Did I miss my daughter?  A little bit.  Our week apart is the longest Cyd and I have been separated since her mom passed away and it was long overdue.  I do love daddy-daughter time.  However, the lapse in self-care was so depleted that I was more engulfed in having adult time and no responsibility other than Chad Milner.

In true Chad Milner fashion, there was drama; but fun enough for a laugh.  There was the phone call from an ex that reminded me of how entertaining she was.  There was a little tension between someone else that I once dated as well that only added onto a beyond epic soap opera I think we both have a love/hate relationship with.  It’s all good, though.  I need these kinds of things to survive.  Accepting this has made life just a little easier.  I’m a writer who constantly needs conflict for episodic story arcs.

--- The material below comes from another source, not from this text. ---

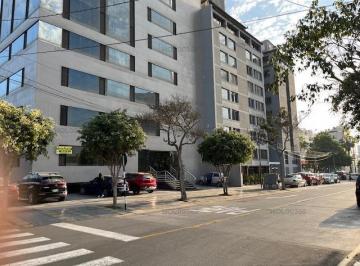 Oficina comercial · 260m² · 4 Dormitorios · 2 Estacionamientos · Alquilo Oficina Flat en Av Carriquiry N 8, Piso 6, San Isidro.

After a rather epic and fitting ending to #FerrisBuellersWeekOff, I drove home Sunday Morning riding high off the previous nine days.  I had breakfast by myself, took a nap, and when I woke up that afternoon, I could feel my mind and body beginning to shift from vacation back to dad mode.  That was a very long four hours before heading back to LaGuardia Airport to pick up my family.  Everyone was excited to see each other and tell me about their week in person.  Five hours after waking up to the beginning of my transition, my once quiet home had once again become filled with noise.

It’s back to baseball practices (I said I would attend while my nephew wasn’t in town and eventually said “Fuck that…I’m going to happy hour!”), coaching soccer, doing homework, constant reprimanding, stressful bedtimes, and all of the love that depletes me, yet makes my life one worth living.  I wouldn’t trade mine with anyone in the world, no matter how much it can get on my last nerves on a daily basis.

Last night, I was conversing with my father via text message.  As I wrote about him in my manuscript, I told him that the older I get, the more I see that we’re alike.  We talked about how money is only but so valuable and time is how we both show that we care.  There was an agreement in the feeling empty and overwhelmed virtually being Superman.  I could see that he, too is in need of a vacation.